Because all of us know people who are struggling with anxiety, some advice.
Very simple, very easy to follow, but they will need your help sticking to the regime (and if you’re the one struggling, you’ll need a beloved to help you stay on track).
Firstly, you cannot cure anxiety with the same thing that created it. What I mean by this that you can’t talk yourself out of anxiety with your mind, you cannot rationalise or negotiate with it. All that happens when you do this is that you end up in a perpetual conversation with yourself, wondering why you can’t ever move on and feeling bad about it.
Anxiety is not rational, therefore your rational mind cannot help you (and nor can anyone else’s, for those of you addicted to telling friends about all of your worries and hoping it will help).
Let the anxiety be.
There is one simple thing that you need to do:
make your body a safe place for your mind to live in.
This is how:
Breathing practice. Every day, at least twice.
Exercise. It doesn’t matter what, for how long or where. A walk is as good as a run here, yoga as good as a workout. If you can’t stick to things, don’t - hit the gym for three weeks, then get bored, do yoga for a month, then switch to Park Runs. It doesn’t matter what, it only matters that you do it. Every day for at least 20 minutes.
Don’t take anything personally. It’s a hard one this, so practice. You’re good, you have enough friends, you have people who love you. Sometimes someone won’t like you, love you, talk to you kindly. Get over it and move on (never, ever waste time trying to persuade them they are wrong about you).

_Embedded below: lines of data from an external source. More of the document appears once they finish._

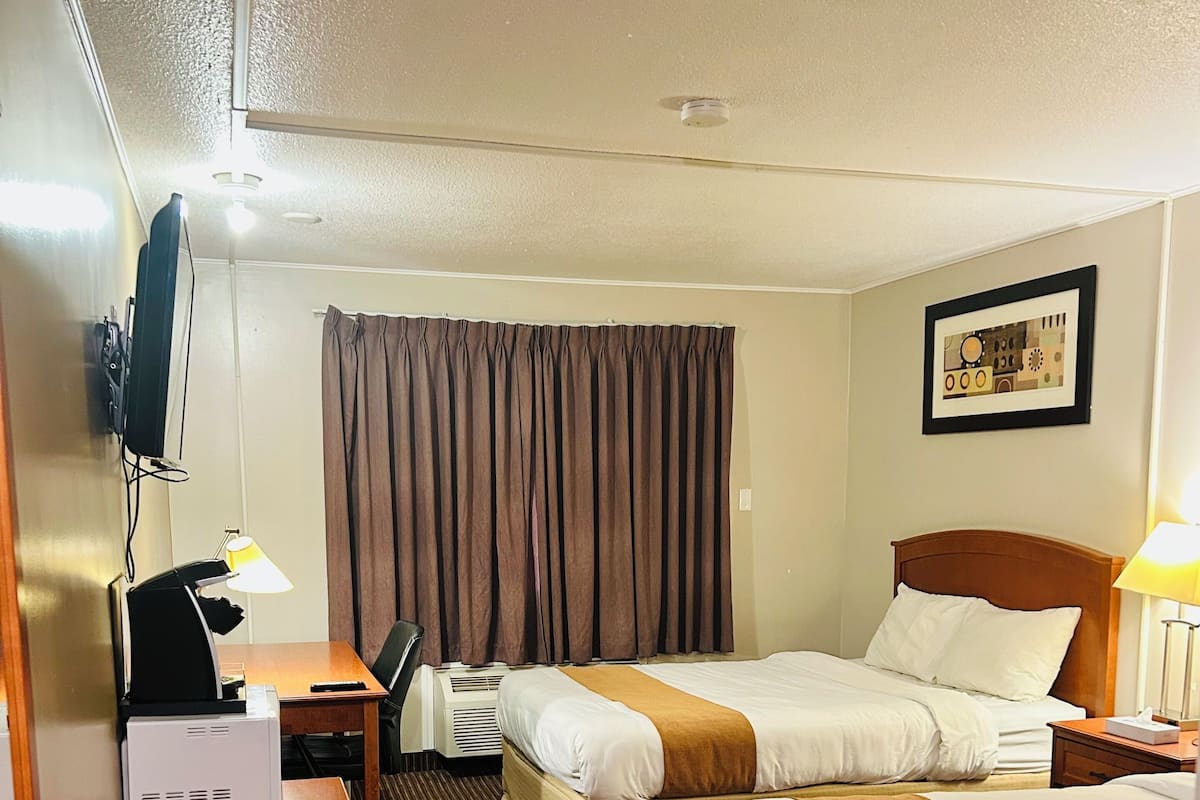 Mobiliario individual, escritorio, espacio para trabajar con un portátil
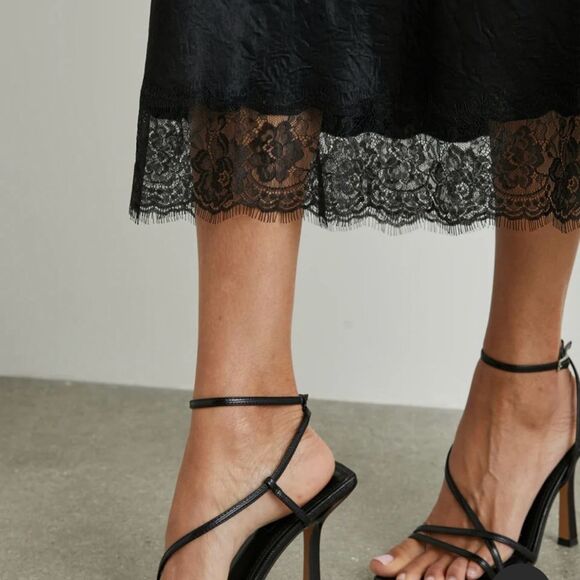 Rails Ebony Skirt NWT XS - Picture 2 of 6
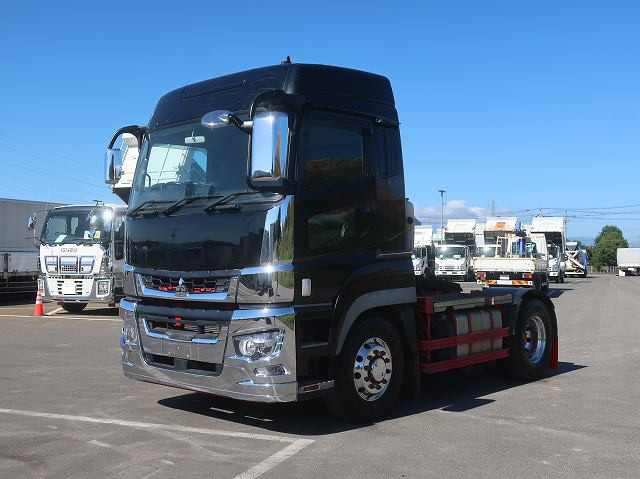 2019 Mitsubishi Fuso Super Great Tractor Head, 5th Wheel Load 11.5t, High Roof, Aluminum Wheels, 428 HP, Approximately 360,000 km on the odometer.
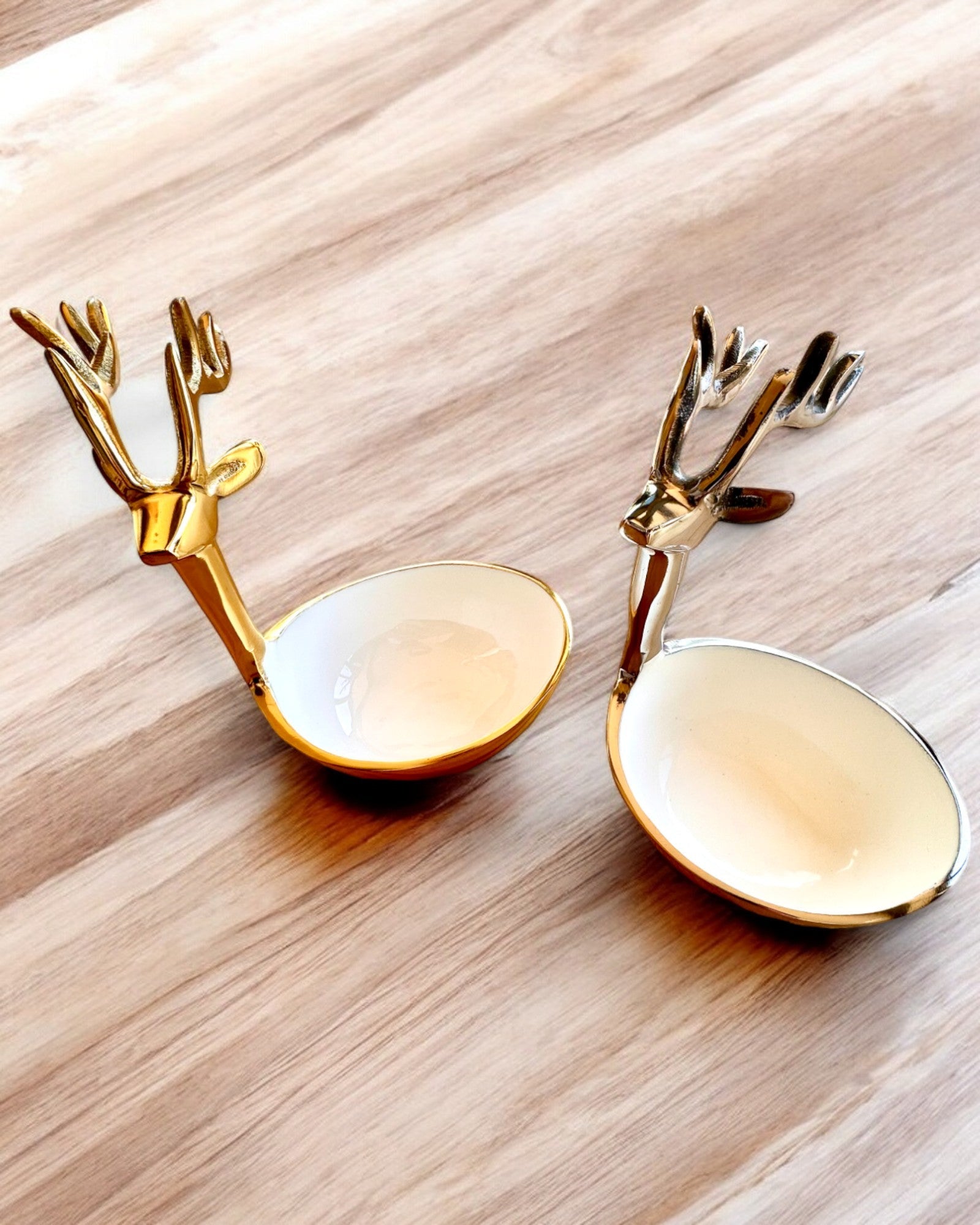 Elegante Schale Gehörnte Schönheit – Handarbeit aus Indien, Personalisierung mit Gravur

Choose one therapy that helps you and do it. Every month. Massage, tapping, talking therapy, facial, whatever.
Consistency is king.
The world will keep throwing shit at you. The only way to handle it is to ensure that your own body, with all of its chemicals, hormones, joints, muscles and mechanisms is a safe place for your mind and soul to live.
The trouble is that the anxious get distracted very easily. This is why you need someone to help you stay on track.
The trouble is that the anxious don’t like people helping them to stay on track, so they don’t bother with that bit. Then they wake up 3 months later in a mental stew wondering how and when they stopped going for that weekly wild swim that made them feel 100 times better.
Do you see how simple this is, but how hard it is to stick to it when you are an anxious person. If you want to help your beloved with their anxiety, help them to do the 4 things above, that’s all. Every day, every week, forever.
Love them, love yourself.
Instead of hoping for what can never be (a safe, predictable world) let your body/their body become the safe home you/they are longing for.